Neben Kritik an den Datenschutzbedingungen äußerte die Behörde auch Einwände gegen die Lizenzbedingungen. Sie erklärte in ihrem Bericht, dass im Lizenzvertrag nicht klar geregelt sei, welche Daten zu welchem Zweck verarbeitet werden dürfen. Außerdem mangle es den Vorgaben der Kommission an Microsoft an rechtlicher Klarheit.

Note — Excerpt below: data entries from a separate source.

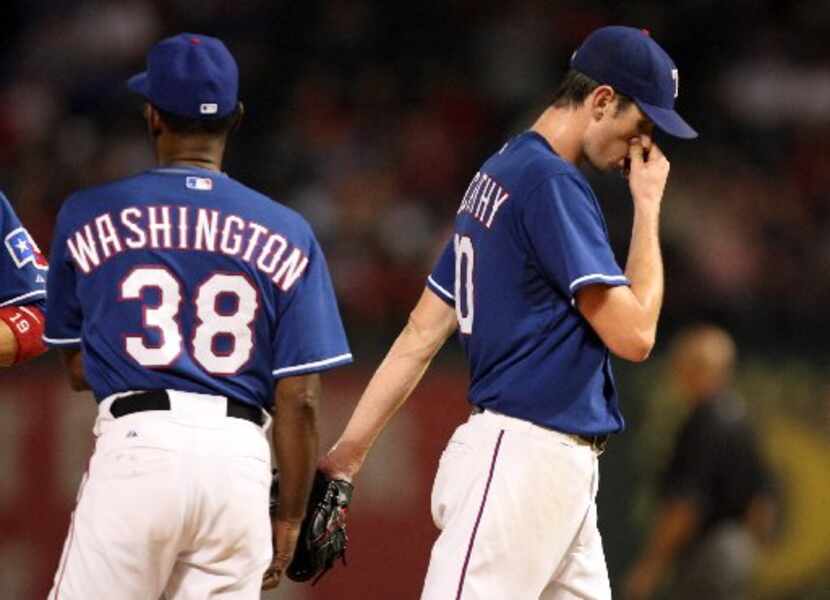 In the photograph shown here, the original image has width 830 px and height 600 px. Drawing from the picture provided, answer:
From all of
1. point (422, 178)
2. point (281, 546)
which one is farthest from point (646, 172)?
point (422, 178)

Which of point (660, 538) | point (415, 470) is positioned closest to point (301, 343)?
point (415, 470)

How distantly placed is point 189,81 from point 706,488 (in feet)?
15.2

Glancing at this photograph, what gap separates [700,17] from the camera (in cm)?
1141

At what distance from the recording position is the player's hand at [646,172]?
4.23 metres

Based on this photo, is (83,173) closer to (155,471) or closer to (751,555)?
(751,555)

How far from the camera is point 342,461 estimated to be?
4.58 m

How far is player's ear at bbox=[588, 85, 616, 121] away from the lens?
169 inches

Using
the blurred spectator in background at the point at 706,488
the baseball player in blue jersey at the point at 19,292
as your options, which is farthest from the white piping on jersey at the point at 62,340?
the blurred spectator in background at the point at 706,488

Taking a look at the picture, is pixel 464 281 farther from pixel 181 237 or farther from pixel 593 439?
pixel 181 237

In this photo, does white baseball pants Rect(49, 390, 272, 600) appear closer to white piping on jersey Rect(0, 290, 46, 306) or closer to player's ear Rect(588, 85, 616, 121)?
white piping on jersey Rect(0, 290, 46, 306)

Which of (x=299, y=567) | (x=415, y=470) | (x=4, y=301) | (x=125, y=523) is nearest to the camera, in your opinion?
(x=125, y=523)

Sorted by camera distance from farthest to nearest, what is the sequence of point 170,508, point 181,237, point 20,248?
point 20,248 → point 181,237 → point 170,508

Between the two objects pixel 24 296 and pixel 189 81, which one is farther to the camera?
pixel 24 296

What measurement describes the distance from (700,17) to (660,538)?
15.5 feet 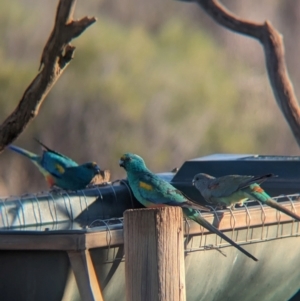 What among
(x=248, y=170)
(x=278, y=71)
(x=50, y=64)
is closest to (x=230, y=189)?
(x=248, y=170)

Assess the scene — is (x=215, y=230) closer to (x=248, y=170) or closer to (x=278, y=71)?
(x=248, y=170)

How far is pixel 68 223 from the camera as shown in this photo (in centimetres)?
458

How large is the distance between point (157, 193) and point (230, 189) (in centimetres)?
77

Kommission sieht Bericht als fehlerhaft an

Mit dem Urteil will sich die Kommission aber nicht abfinden. In der Klagsschrift wirft sie der Datenschutzbehörde vor, die Lizenzbedingungen und Datenschutzregelung für Microsoft 365 in verschiedenen Punkten falsch interpretiert zu haben. Zudem, so heißt es weiter, sei die Annahme falsch, dass es "direkte Übermittlungen personenbezogener Daten" zwischen der EU-Kommission und Microsoft USA gegeben habe. In weiterer Folge möchte man auch die von der EDSB angeordneten Maßnahmen für unverhältnismäßig erklären lassen.

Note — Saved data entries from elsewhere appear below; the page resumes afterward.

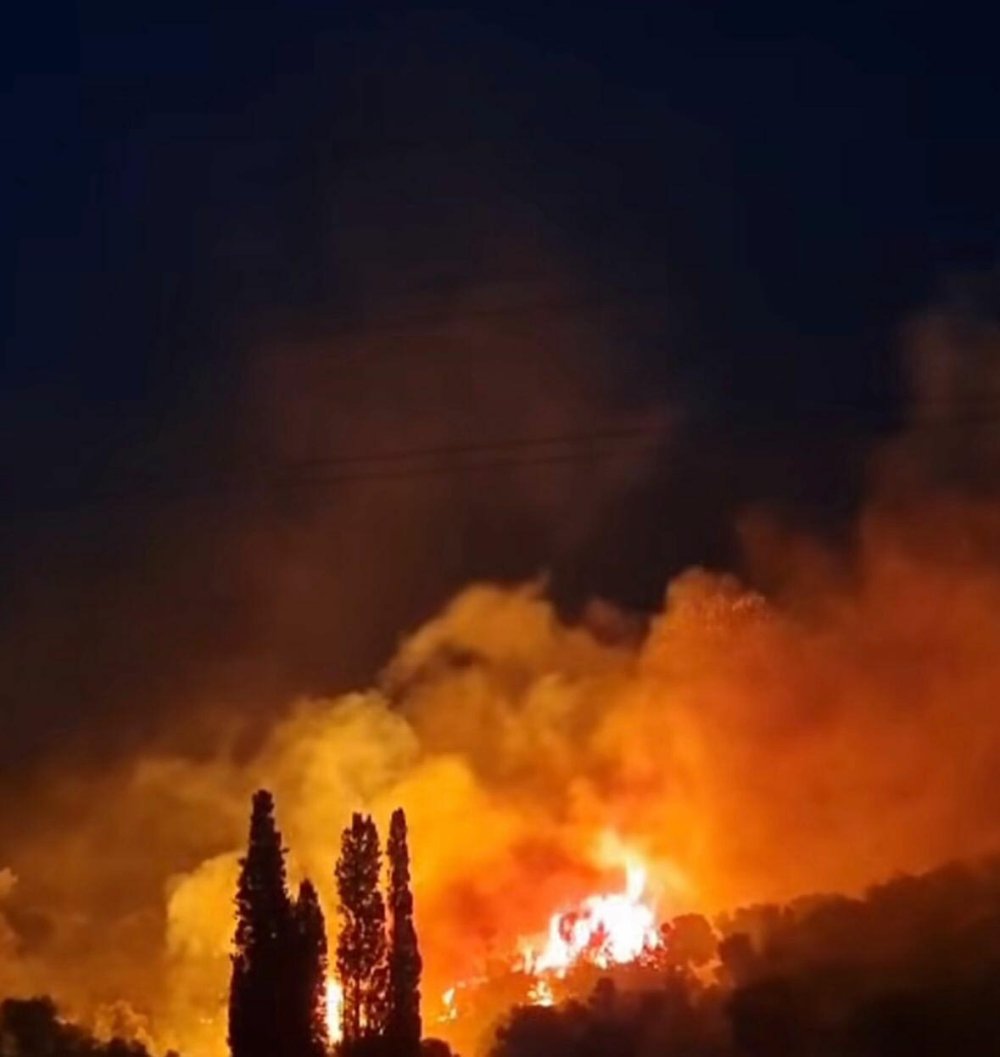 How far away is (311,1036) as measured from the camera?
46156mm

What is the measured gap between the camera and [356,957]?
167 feet

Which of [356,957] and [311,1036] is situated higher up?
[356,957]

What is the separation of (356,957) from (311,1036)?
5045mm

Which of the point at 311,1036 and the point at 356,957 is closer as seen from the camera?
the point at 311,1036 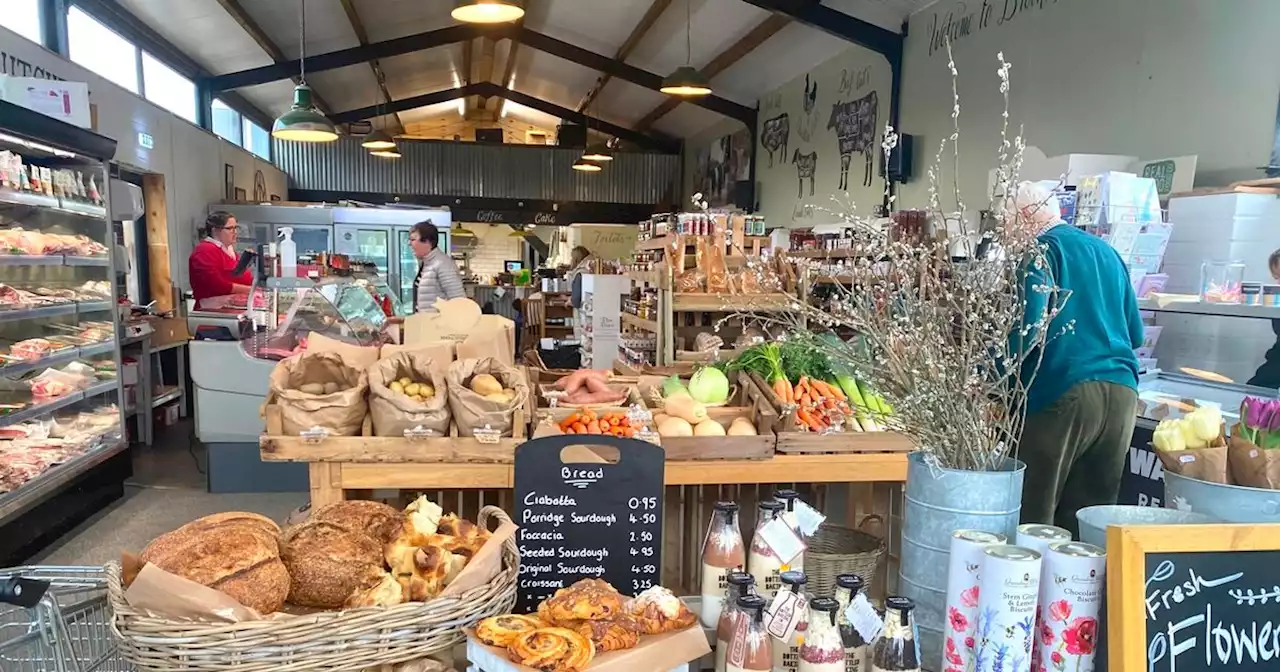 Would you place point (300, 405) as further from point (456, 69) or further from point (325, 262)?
point (456, 69)

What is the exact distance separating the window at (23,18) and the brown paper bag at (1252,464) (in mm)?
6824

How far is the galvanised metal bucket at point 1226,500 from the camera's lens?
1.29m

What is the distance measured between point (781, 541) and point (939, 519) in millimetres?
261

Die rechtliche Klärung könnte weitreichende Folgen haben, erinnert Tarnkappe.info. Denn die EU-Kommission ist längst nicht die einzige Behörde, die Produkte von Microsoft für ihre Tätigkeiten einsetzt. Sowohl auf EU-Ebene als auch bei nationalen Regierungen und regionalen Verwaltungen erfreuen sich die Angebote aus Redmond einiger Beliebtheit.

Mancherorts rüstet man aber zum Umstieg auf Open-Source-Lösungen. Im deutschen Bundesland Schleswig-Holstein soll nach einem erfolgreichen Test von LibreOffice als Ersatz für Microsoft Word nun auch Windows von einem Linux-basierten System abgelöst werden. (gpi, 8.7.2024)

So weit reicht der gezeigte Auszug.